The opening quarter of 2016 has been a sluggish one for Australia’s property market, with home prices falling across the majority of capital cities in the three months to March.

Released this week, the March quarter Domain House Price Report has revealed that the combined capital city median house price dipped 0.5% to $719,024 during the three-month period.

Over the same period, the combined capital city unit price fell 1.1%.

In the year to March house prices in Australia have risen 6.2%, while unit prices have increased by 3.4%.

For the housing market, only Melbourne (1.2%) and Hobart (4.3%) saw growth over the quarter, while unit prices dropped in all markets except Adelaide where prices remained steady.

For Sydney, the March quarter saw house prices fall 1.5%, bringing the median house price back under $1m at $995,804 and makes it two successive quarters of price falls in the city.

The March fall now means house prices in Sydney are falling faster than they were during the GFC and could have fallen further if not for the performance of a select few pockets.

“We’re recording a 4.7% fall over the past two quarters and that’s just above the 4.6% fall that was recorded over the entire year of 2008 when we had four consecutive quarters of falls during the GFC,” Dr Wilson said.

“We’ve got a bit of a mixed market in Sydney at the moment. It’s really the inner-suburban higher priced areas that are holding the market up. There’s been very strong growth in the lower north, particularly the lower north over the quarter,” he said.

“Really, if it wasn’t for that we would’ve had a sharp decline in prices.

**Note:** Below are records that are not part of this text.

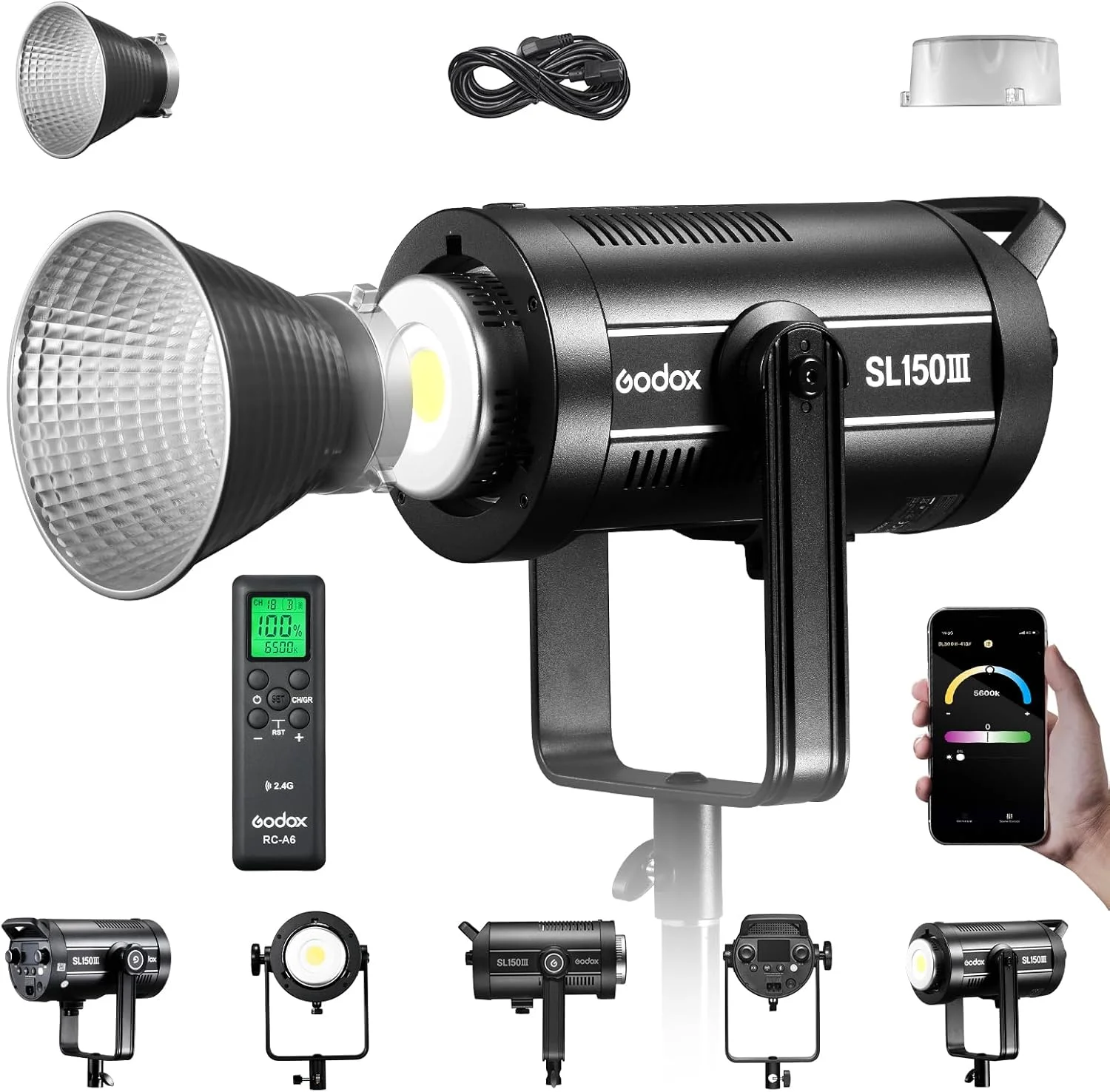 نور ویدئویی ال ای دی Godox SL150III، نورپردازی مداوم متعادل با نور روز با مانت Bowens و 8 جلوه FX، برای عکاسی استودیویی (SL150III)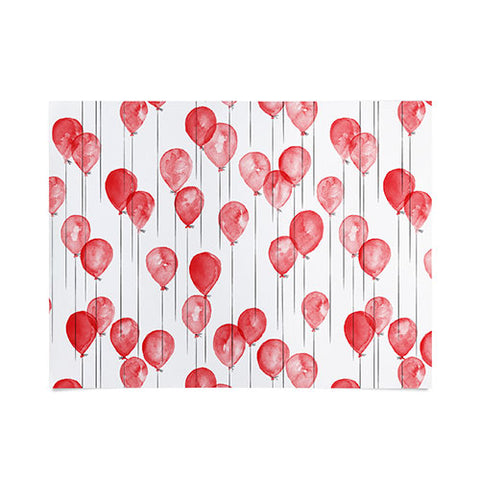 Little Arrow Design Co red watercolor balloons Poster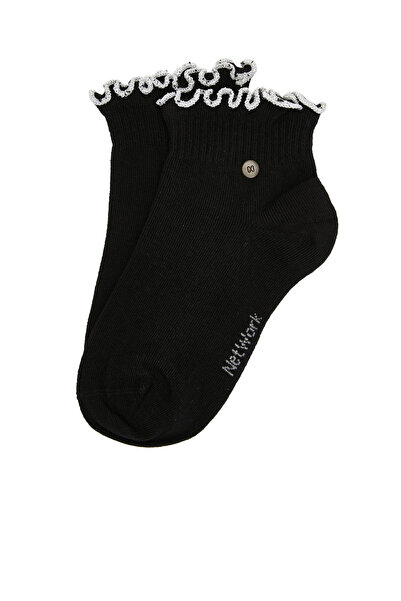 Network Siyah Metal Logolu Kadın Çorap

Those prestige areas have really activated this year and I think a lot of that is because they were definite underperformers during the boom.”

While Sydney’s blue-chip stock may have been performing well, Wilson said there are signs that growth is beginning to wane in those areas and it is likely price growth will continue to flatten across the city in 2016.

Sydney’s unit prices also fell for the second consecutive quarter, down by 0.7% to $656,166.

In Melbourne, the March quarter’s 1.2% increase to Median house price of $726,962 gave the city 14 straight quarters of house price growth and Dr Wilson said it easily holds the mantle of the nation‘s strongest market, though growth will be relatively subdued this year.

“Melbourne was quite modest, but it has now grown 14 quarters in a row. It’s a quietly confident market,” he said.

“I think that it’s a market that’s remarkably stable at the moment and given that, I think the prospects for Melbourne are that it’s likely to be the leading market this year.

“I think that it’ll really struggle to record prices growth of over 5% for the year, which will be about a third of what it grew last year.”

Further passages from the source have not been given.